BLAS Pitfalls with Mac OSX Accelerate Framework

Today I'm going to talk about bugs you can encounter when using the Apple (i.e. Mac OSX) Accelerate framework and BLAS functions like dot product, norm, and sum. I hope that describing these bugs here saves you a headache in the future. This will also be a fun chance to use f2py and the fortran_magic Jupyter extension.

%load_ext fortranmagic

Let's start with a very simple routine written in Fortran to see how fortran_magic works.

subroutine f(x, y, z)
  real(4), intent(in) :: x, y
  real(4), intent(out) :: z
  z = x + y
end subroutine f
print(f(1, 2))

We can also work with arrays.

subroutine fa(x, y, z, N)
  integer, intent(in) :: N
  real(4), dimension(n), intent(in) :: x, y
  real(4), dimension(n), intent(out) :: z
  z = x + y
end subroutine fa
from numpy import array
a = array([1, 2, 3])
b = array([4, 5, 6])
print(fa(a, b))
[5. 7. 9.]

Now we can try rewriting the above function to call BLAS.

subroutine fb(x, y, z, n)
  integer, intent(in) :: n
  real(4), dimension(n), intent(in) :: x, y
  real(4), dimension(n), intent(out) :: z
  real(4), parameter :: fac = 1.0
  call scopy(n, x, 1, z, 1)
  call saxpy(n, fac, y, 1, z, 1)
end subroutine fb
print(fb(a, b))
[5. 7. 9.]

BLAS has functions, in addition to subroutines. For example, to compute the dot product.

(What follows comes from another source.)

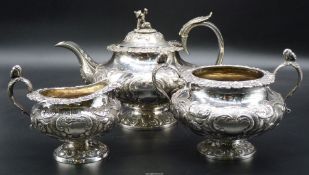 An ornate Silver three-piece Teaset profusely decorated in relief with scroll-work and trailing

subroutine fc(x, y, res, n)
  integer, intent(in) :: n
  real(4), dimension(n), intent(in) :: x, y
  real(4), intent(out) :: res
  res = sdot(n, x, 1, y, 1)
end subroutine fc
print(fc(a, b))

It seems like something has gone wrong. Did I make a mistake in my fortran routine? Maybe we should debug a little.

subroutine fc(x, y, res, n)
  integer, intent(in) :: n
  real(4), dimension(n), intent(in) :: x, y
  real(4), intent(out) :: res
  write(*, *) x
  write(*, *) y
  write(*, *) dot_product(x, y)
  res = sdot(n, x, 1, y, 1)
  write(*, *) res
end subroutine fc
print(fc(a, b))
0.0   1.00000000       2.00000000       3.00000000    
   4.00000000       5.00000000       6.00000000    

Nothing seems wrong with the code. What is worse, the intrinsic dot_product works, but BLAS doesn't! There is a trick to fix this though.

subroutine fc(x, y, res, n)
  real(8), external :: sdot
  integer, intent(in) :: n
  real(4), dimension(n), intent(in) :: x, y
  real(8), intent(out) :: res
  res = sdot(n, x, 1, y, 1)
end subroutine fc
print(fc(a, b))

It seems I had to coach my Fortran routine to believe that the returned value is double precision. Yet, it's sdot, and if we look at the documentation it should definitely return a single precision floating point number. Let's try some other routines.

subroutine fd(x, res, n)
  real(8), external :: snrm2
  integer, intent(in) :: n
  real(4), dimension(n), intent(in) :: x
  real(8), intent(out) :: res
  res = snrm2(n, x, 1)
end subroutine fd

Indeed, for any of the functions in BLAS LEVEL-1, I think you will suffer through this. As I mentioned before though, this is a problem specific to Apple's Accelerate framework. Let's try linking against openblas instead.

%%fortran --extra '/Users/wddawson/miniconda3/envs/fmagic/lib/libopenblas.0.dylib'
subroutine fe(x, res, n)
  integer, intent(in) :: n
  real(4), dimension(n), intent(in) :: x
  real(4), intent(out) :: res
  res = snrm2(n, x, 1)
end subroutine fe

If you find yourself calling BLAS directly, you might want to take some care to provide a backup plan if your code is being compiled and executed on a Mac.